I created a simple autograd function, let’s call it F (based on torch.autograd.Function).
What’s the difference between calling
a = F.apply(args)
and instantiating, then calling, like this :
f = F()
a = f(args)
The two versions seem to be used in pytorch code, and in examples
This difference is that instantiating + calling the
Function works with “old style” functions (which are going to be deprecated in the future).
.apply is for the “new style” functions. You can differentiate the two easily: new style functions are defined with only
@staticmethod, while old style ones have an
Ok, I see, thanks. Since I want to have a scalar parameter for my function, if I want to use the new style, I need to pass it as an argument to the forward then, and save it for backwards ?
I did this :
def __init__(self, gamma=0.1):
self.gamma = gamma
def forward(self, args):
def backward(self, args):
What you wrote is an old style function.
The equivalent new style would be:
def forward(ctx, args, gamma):
ctx.gamma = gamma
def backward(ctx, args):
# Using your old style Function from your code sample:
# Using the new style Function:
Thank you very much !
And so everytime I call F.apply, a new “instance” will be created with its own context ?
Can I save intermediary results with ctx.intermediary = intermediary ?
If I call several times the function before doing a backward pass, will it override the gamma attribute each time, and the intermediary results I saved with ctx ?
Each call to
.apply will have a different context. So you can save everything you need in it without risk.
Note that if you need to save input or outputs, you should use the
Ok, why do we need to use
save_for_backward for this ? Is it just a convention ? Or does it performs additional checks ?
But intermediary tensors are fine to save, right ? I tried to save some with
save_for_backwards but it failed, so I saved them as attributes in self (ctx now)
save_for_backward is just for input and outputs, it allows to perform additional checks (make sure that you don’t create non-collectable cycles). For intermediary results, you can save them as attribute of the context yes.
Thanks, it much clear now !
What version does the new style appear?
If I remember correctly, it was for 0.2.0 to support higher order derivatives.
Hi Dear AlbanD, @albanD
It seems the staticmethod is faster than the old sttyle function (ctx comparing with self).
But what if I need to output some auxiliary output in the forward pass, which does not need to receive its gradient?
In the old style, what I do is to create another instance method which is separate from the forward pass.
A more concrete example:
def some_func(self, x2):
//self.x is also needed here
def forward(self, x):
self.x = x
z1 = self.some_func(self.x)
def backward(self, y.grad):
y = F()(x)
z2 = F()(x2)
Is there a way that this old styled can be re-rewriten into the new style (using ‘ctx’)?
Thanks a lot!
This is not what Function are made for. All arguments must be given as input to the forward function.
To get this behavior, you can simply create an
nn.Module which can do whatever you want.
Yeah, my current solution is using
nn.module, but comparing with
ctx, it is much more slower…The reason I use
torch.autograd.Function is because I need to write my own derivative.
Maybe my description was not very precise.

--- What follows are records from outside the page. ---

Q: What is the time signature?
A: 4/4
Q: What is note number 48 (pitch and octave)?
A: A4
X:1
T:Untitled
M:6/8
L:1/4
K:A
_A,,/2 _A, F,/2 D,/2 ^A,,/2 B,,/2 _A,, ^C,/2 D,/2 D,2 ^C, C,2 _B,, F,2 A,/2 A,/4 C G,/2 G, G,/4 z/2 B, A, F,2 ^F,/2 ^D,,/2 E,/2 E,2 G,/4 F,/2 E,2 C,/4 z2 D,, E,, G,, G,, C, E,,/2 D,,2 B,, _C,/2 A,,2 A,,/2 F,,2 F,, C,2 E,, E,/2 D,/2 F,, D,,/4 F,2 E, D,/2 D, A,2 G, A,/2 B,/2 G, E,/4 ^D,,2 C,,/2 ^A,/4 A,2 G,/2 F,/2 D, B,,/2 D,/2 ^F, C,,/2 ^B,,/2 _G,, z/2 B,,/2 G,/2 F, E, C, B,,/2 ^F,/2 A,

Taking
torch.autograd.Function as an example, what I am seeking to do is:
def some_func(z1, x2):
//x2 is also needed here
def forward(ctx, x, x2):
z1 = F.some_func3(x)
y = z1**2
z2 = F.some_func(z1, x)
u = F.some_func2(y) \\derivative wrt x
return y, z2
def backward(ctx, y.grad, dummygrad):
u, = ctx.saved_tensors
return u, None
In this case, I do not need x2’s derivative, but I need to output z2 in the forward pass to save some computation cost in the intermediate values.
Well, my way of writing actually seems working.

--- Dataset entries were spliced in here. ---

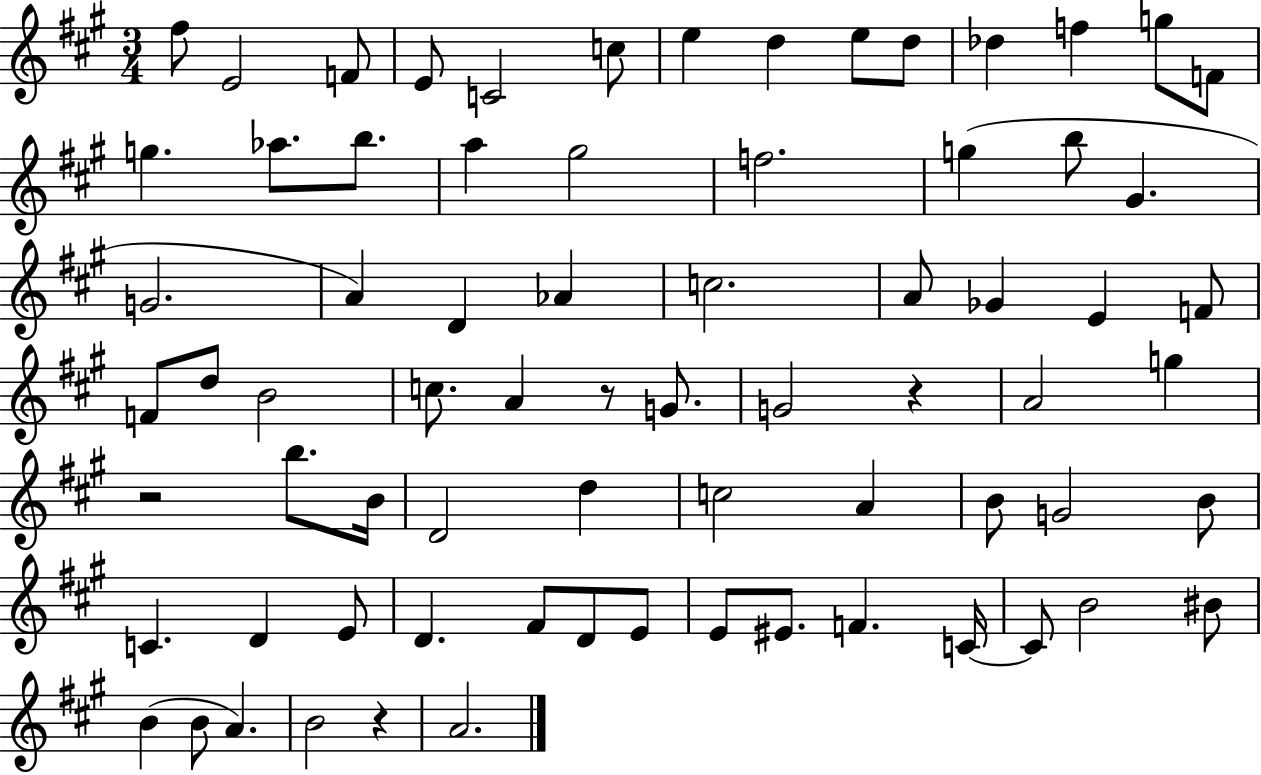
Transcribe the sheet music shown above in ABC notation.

X:1
T:Untitled
M:3/4
L:1/4
K:A
^f/2 E2 F/2 E/2 C2 c/2 e d e/2 d/2 _d f g/2 F/2 g _a/2 b/2 a ^g2 f2 g b/2 ^G G2 A D _A c2 A/2 _G E F/2 F/2 d/2 B2 c/2 A z/2 G/2 G2 z A2 g z2 b/2 B/4 D2 d c2 A B/2 G2 B/2 C D E/2 D ^F/2 D/2 E/2 E/2 ^E/2 F C/4 C/2 B2 ^B/2 B B/2 A B2 z A2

Inside this forward function can I use register buffers?
I can’t use self.register_buffer for sure. Also ctx.register_buffer doesn’t work.
What is correct way to define register buffer in forward?
.register_buffer() is a function on nn.Modules, not autograd.Function.
These are two completely different constructs. And you won’t need any buffer for custom Function as it is not a class instance, you should just create the Tensor you need during the forward.
Hi @albanD ,
If I will just create a tensor how will that tensor be moved to GPU?
I don’t want to use .to(device) because that won’t work with DataParallel.
Are you saying that all the tensors defined under autograd.Function will be automatically taken to device when I will do model.cuda() or torch.nn.DataParallel(model)?
mytensor = torch.tensor()
So a model defined using above class (Myclass) when taken to device (by model.cuda() or torch.nn.DataParallel(model)) will take all the tensors in forward to the device?
I think I might have to create a tensor using register_buffer outside this forward function and then pass it to forward so that my tensors can be used with torch.nn.DataParallel and can be taken to device.